Un artista che ha saputo tradurre in forme scultoree l’essenza della vita rurale della Bassa Padana, plasmando la materia per dare voce alle storie di un popolo, alle sue visioni, alle sue emozioni: potremmo definire così Giuseppe Gorni (Quistello, 1894 – Domodossola, 1975), scultore la cui opera è profondamente radicata nel territorio mantovano e che trova oggi una nuova vita nel Museo Diffuso di Quistello, il luogo che conserva la memoria del suo operato.
Non solo scultore (anche se è soprattutto noto come tale), ma anche pittore e incisore, Gorni ha lasciato un segno rilevante sul territorio mantovano sia per la qualità delle sue opere, sia per la sua dedizione al racconto delle tradizioni e della vita contadina. La sua stessa vita è segnata da un profondo legame con la terra e dalla passione per l’arte.

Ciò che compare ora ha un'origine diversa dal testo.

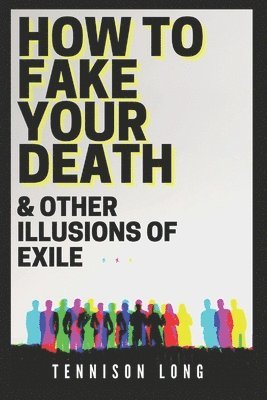 How to Fake Your Death (& Other Illusions of Exile) 1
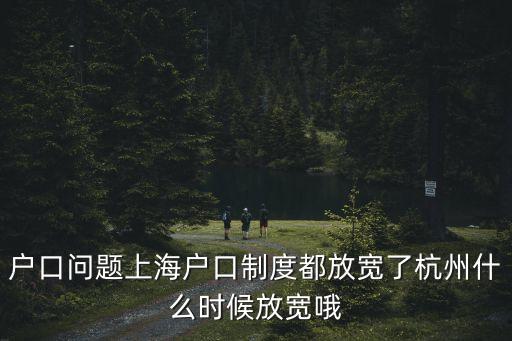 上海市放寬戶籍，戶口問題上海戶口制度都放寬了杭州什么時候放寬哦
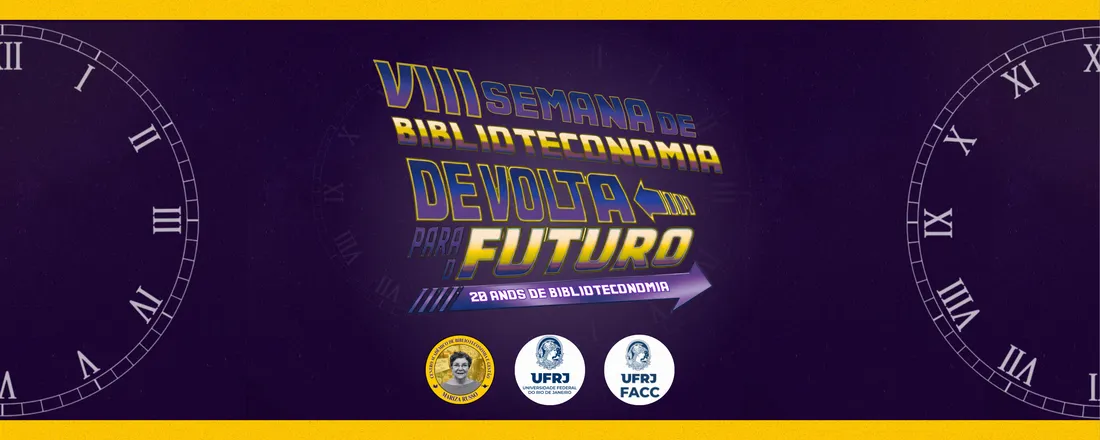 VIII Semana de Biblioteconomia - De volta para o futuro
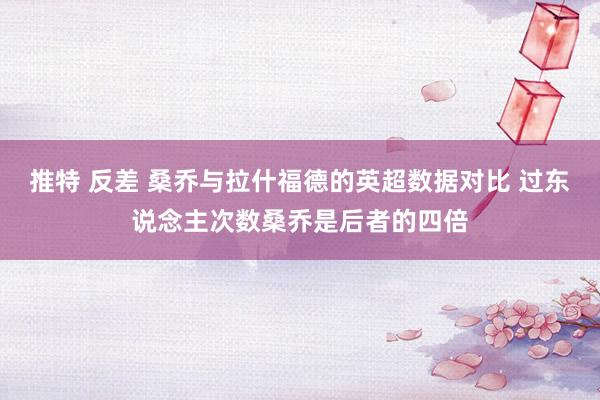 推特 反差 桑乔与拉什福德的英超数据对比 过东说念主次数桑乔是后者的四倍
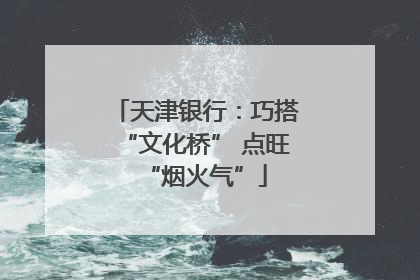 天津银行：巧搭“文化桥” 点旺“烟火气”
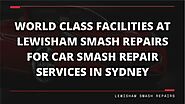 World Class Facilities at Lewisham Smash Repairs for Car Smash Repair Services in Sydney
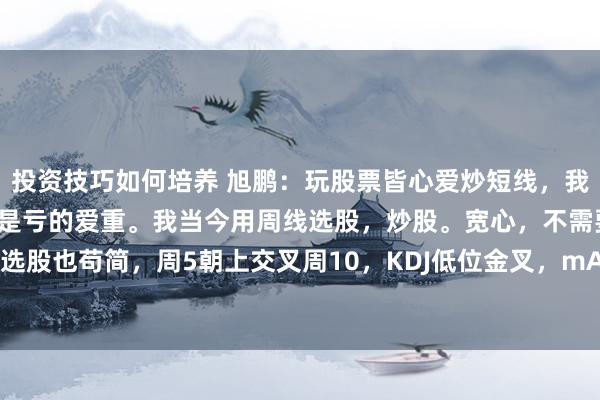 投资技巧如何培养 旭鹏：玩股票皆心爱炒短线，我初始亦然的，关联词，还是亏的爱重。我当今用周线选股，炒股。宽心，不需要天天看盘。选股也苟简，周5朝上交叉周10，KDJ低位金叉，mACD正数，初次出现小红柱，CCI正数...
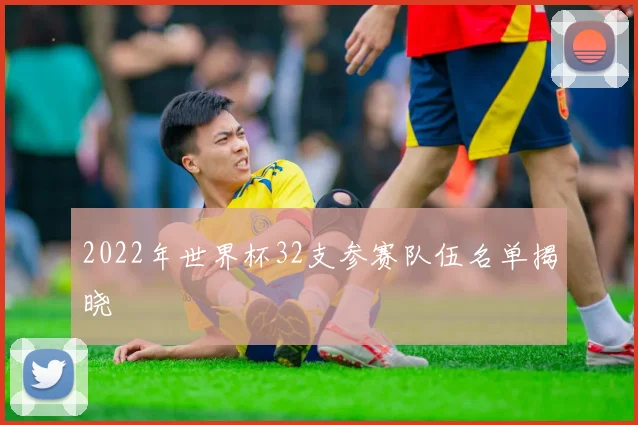 2022年世界杯32支参赛队伍名单揭晓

Gorni nacque il 27 marzo 1894 nella frazione di Santa Lucia di Quistello, in provincia di Mantova. La sua formazione artistica iniziò all’Accademia di Belle Arti di Bologna, dopodiché Gorni conseguì il titolo di insegnante di scuole medie. Dopo le drammatiche esperienze della prima guerra mondiale, durante la quale fu prigioniero in Ungheria, nel campo di Hajmasker (venne catturato sull’altopiano di Asiago, dove combatté), Gorni tornò a Quistello per dedicarsi all’arte e all’insegnamento. La sua carriera fu segnata dall’impegno sociale e dalla ferma opposizione al regime fascista, che lo costrinse a lasciare la carica di direttore delle Scuole Tecniche di Quistello da lui fondate dopo la prima guerra mondiale.

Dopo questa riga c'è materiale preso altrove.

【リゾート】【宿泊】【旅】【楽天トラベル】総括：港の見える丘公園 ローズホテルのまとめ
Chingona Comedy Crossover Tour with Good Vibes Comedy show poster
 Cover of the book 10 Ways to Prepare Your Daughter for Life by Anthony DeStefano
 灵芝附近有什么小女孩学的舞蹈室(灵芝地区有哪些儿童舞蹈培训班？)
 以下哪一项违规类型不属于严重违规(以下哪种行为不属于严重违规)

Gli anni successivi videro Gorni impegnarsi profondamente nella vita culturale e artistica della sua terra natale: venne interrotto soltanto, di nuovo, dagli eventi bellici (venne infatti chiamato alle armi il 24 maggio del 1940, combatté in Francia e in Russia tra il 1941 e il 1943, e infine fu internato in un campo militare in Svizzera). Solo nel 1945 poté riprendere il suo ruolo di insegnante prima a Quistello e poi a Mantova. Gorni si dedicò a una produzione artistica che si tradusse in un intenso lavoro di approfondimento delle tradizioni contadine, partecipando attivamente al recupero e alla valorizzazione delle storie locali. Il suo percorso artistico si sviluppò in modo significativo negli anni Sessanta e Settanta, con il ritorno a Nuvolato di Quistello (negli anni Cinquanta visse infatti a Cinisello Balsamo, nell’hinterland milanese, dove lavorò come capo ufficio tecnico del Comune), dove poté dedicarsi interamente alla scultura, al disegno e all’incisione. La sua arte, radicata nella memoria collettiva e nella vita rurale, guadagnò un crescente riconoscimento, culminando nella sua prima mostra a Milano nel 1965, e successivamente in esposizioni che hanno diffuso la conoscenza del suo lavoro.

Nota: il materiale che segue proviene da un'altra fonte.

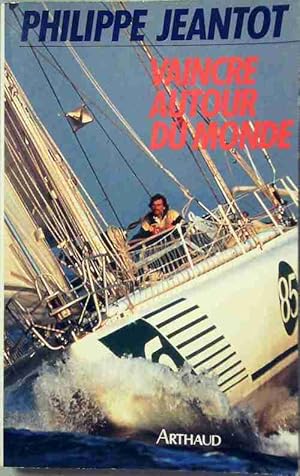 Vaincre autour du monde - Philippe Jeantot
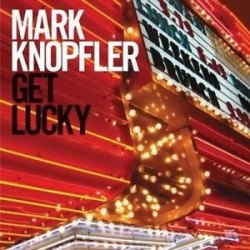 Mark Knopfler-Get Lucky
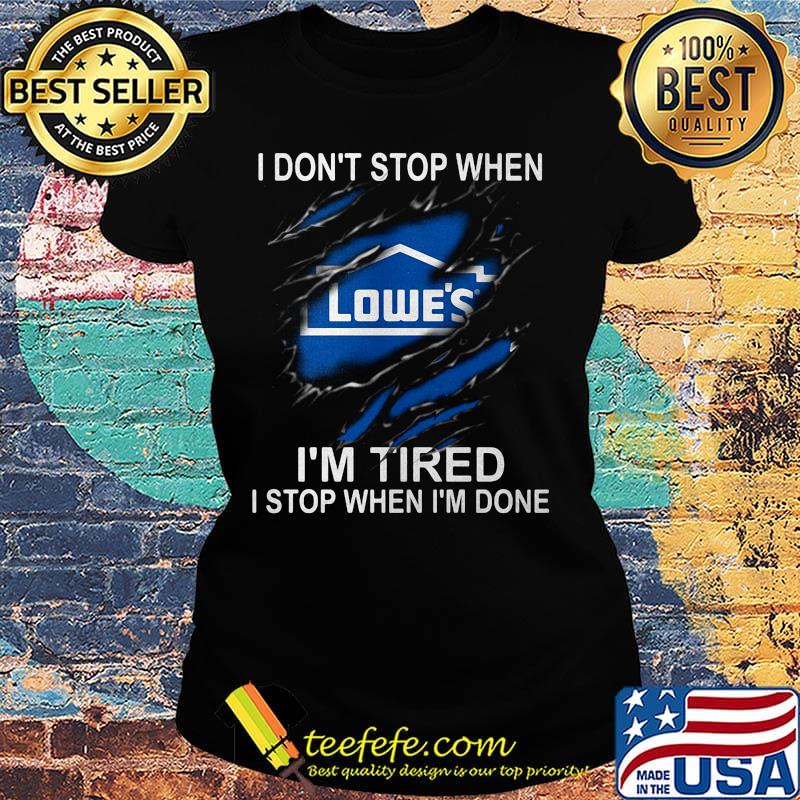 Lowe's i don't stop when i'm tired i stop when i'm done s Ladies tee Lowe's i don't stop when i'm tired i stop when i'm done s Ladies tee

Il Museo Diffuso di Quistello è un omaggio alla vita e all’opera di Giuseppe Gorni. L’edificio che lo ospita, progettato dallo stesso artista tra il 1929 e il 1930, ovvero le Scuole Elementari Giovanni Pascoli, è esso stesso un’opera architettonica che dà prova della sua arte: una struttura caratterizzata da linee essenziali e materiali naturali che si integrano perfettamente nel paesaggio circostante. L’edificio, peraltro, è stato restaurato nel 2002. Il percorso espositivo è invece un viaggio attraverso la produzione artistica di Gorni, dalle prime opere giovanili, caratterizzate da un realismo schietto e diretto, alle sculture mature, dove la forma si fa più essenziale e il significato più profondo.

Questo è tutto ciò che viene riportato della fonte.